Still, always sourcing seasonal fruit can be difficult. When forced to use produce that’s not exactly at its prime, Atanasio says his chefs will enhance fruit’s natural sweetness by tossing it in sauces made with natural fruit juice and balsamic vinegar or in simple syrups infused with cardamom, lavender or cinnamon. Pairing out-of-season fruits with more flavorful in-season items can work wonders, too.
2. Embrace flavorful add-ons
After a resident at Friendship Villas at La Cholla, an assisted living community in Tucson, Ariz., shared her recipe for a basic grape-and-apple salad with yogurt dressing, Culinary Services Director Patti McNeill and her team got creative. “We added some Southwest flair to it,” McNeill says.
To serve the salad as a main dish, they added farro for bulk and diced jicama for crunch. To give the dressing more local flavor, McNeill added agave nectar, lime juice and chopped fresh cilantro.
3. Borrow from restaurants
Christian Scott, sous chef for Rex Healthcare in Raleigh, N.C., says he likes to surprise customers by developing dishes that mimic what’s popular in restaurants. Right now, that’s a combination of savory and sweet.
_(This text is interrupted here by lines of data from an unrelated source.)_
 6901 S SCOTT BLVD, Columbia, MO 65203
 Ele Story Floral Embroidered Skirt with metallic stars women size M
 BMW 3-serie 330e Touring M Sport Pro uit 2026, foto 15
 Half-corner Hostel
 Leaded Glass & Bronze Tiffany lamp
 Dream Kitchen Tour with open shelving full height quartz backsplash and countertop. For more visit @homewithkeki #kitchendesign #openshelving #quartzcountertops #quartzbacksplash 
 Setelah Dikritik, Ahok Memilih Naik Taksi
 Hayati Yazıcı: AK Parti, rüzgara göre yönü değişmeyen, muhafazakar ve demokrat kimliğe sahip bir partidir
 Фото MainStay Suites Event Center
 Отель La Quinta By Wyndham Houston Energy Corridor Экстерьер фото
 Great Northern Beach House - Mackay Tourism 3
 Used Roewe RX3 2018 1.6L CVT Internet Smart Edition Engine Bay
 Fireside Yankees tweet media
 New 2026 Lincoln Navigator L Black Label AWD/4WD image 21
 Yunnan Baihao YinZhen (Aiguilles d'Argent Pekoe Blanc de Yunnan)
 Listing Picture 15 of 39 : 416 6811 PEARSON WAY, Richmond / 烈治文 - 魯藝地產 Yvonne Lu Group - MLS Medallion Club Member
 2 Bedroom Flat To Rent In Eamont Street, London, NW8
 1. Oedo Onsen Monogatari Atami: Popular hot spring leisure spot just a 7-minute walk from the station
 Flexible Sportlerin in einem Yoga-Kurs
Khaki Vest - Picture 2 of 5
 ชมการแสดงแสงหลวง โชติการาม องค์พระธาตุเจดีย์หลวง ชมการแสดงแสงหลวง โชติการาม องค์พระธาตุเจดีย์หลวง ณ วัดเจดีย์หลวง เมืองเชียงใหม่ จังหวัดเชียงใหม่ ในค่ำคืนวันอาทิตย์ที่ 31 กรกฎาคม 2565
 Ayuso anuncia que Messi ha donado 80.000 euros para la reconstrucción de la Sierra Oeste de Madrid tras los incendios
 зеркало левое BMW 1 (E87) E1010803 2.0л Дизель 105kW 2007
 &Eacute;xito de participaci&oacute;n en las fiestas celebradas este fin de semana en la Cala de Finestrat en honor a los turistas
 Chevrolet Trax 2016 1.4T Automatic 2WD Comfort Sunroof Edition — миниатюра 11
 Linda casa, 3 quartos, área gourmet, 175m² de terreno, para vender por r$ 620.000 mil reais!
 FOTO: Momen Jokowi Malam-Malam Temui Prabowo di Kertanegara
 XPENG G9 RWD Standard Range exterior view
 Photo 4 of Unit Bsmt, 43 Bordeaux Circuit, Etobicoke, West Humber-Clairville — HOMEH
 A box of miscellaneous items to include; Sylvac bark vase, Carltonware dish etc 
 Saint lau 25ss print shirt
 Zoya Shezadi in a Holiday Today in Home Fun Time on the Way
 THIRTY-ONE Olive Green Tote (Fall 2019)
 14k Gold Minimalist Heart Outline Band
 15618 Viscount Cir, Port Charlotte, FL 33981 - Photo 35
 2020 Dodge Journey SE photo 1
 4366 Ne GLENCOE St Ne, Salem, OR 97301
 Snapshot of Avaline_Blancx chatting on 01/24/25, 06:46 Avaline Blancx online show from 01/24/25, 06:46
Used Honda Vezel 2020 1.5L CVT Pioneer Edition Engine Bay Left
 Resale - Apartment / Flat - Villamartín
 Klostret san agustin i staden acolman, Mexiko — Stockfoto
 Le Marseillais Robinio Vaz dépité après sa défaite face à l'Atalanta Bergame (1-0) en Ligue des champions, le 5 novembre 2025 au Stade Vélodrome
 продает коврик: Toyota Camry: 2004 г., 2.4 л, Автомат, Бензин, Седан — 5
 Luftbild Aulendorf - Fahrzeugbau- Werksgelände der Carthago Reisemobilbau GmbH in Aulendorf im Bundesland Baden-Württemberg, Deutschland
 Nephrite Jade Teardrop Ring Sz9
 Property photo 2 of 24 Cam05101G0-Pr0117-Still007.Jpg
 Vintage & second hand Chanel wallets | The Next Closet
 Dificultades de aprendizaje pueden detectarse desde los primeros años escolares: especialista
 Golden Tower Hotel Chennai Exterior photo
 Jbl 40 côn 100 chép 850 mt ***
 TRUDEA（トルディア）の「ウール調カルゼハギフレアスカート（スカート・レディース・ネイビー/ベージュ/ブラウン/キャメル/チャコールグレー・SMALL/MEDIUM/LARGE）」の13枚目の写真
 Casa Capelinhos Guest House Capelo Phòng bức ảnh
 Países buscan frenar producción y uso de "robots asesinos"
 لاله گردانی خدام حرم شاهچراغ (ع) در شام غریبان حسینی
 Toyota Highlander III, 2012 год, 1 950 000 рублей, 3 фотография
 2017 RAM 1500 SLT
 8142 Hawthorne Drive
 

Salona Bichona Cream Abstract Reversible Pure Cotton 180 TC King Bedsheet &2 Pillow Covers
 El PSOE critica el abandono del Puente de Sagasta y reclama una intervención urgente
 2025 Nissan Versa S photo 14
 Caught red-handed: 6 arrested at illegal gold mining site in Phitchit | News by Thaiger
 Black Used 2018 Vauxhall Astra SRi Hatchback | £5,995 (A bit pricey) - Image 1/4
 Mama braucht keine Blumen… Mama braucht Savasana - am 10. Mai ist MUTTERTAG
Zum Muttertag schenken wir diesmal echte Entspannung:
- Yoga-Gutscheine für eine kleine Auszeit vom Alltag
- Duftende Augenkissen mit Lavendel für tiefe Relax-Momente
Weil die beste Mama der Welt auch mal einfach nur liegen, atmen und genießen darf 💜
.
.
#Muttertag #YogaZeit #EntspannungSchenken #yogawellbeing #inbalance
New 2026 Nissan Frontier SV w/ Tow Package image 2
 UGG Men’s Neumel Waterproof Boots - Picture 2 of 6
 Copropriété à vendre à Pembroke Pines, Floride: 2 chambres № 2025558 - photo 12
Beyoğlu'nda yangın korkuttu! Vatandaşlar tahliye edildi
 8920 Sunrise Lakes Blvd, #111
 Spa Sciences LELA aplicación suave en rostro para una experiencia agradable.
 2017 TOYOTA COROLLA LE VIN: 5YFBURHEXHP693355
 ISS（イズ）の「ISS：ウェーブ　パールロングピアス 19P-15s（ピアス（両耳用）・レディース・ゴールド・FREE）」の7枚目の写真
“Kale salads are our most requested salad,” she says. “And fruit helps to offset the bitterness.” Lately, she’s been tossing kale with fresh mango, fresh pineapple, crispy banana chips and Thai-inspired coconut-syrup dressing.
When flavorful fruit is harder to come by, Scott turns to lesser-used types of citrus such as blood oranges or tangelos in an Italian farro salad that also includes fresh spinach, balsamic roasted beets and local chévre. To dress up the salad, Scott also supremes the oranges by removing the fruit’s pit and membranes.
But sometimes there’s no substitute for a simple bowl of fruit. Says Scott, “Every day we still feature sliced up honeydew, grapes and berries.”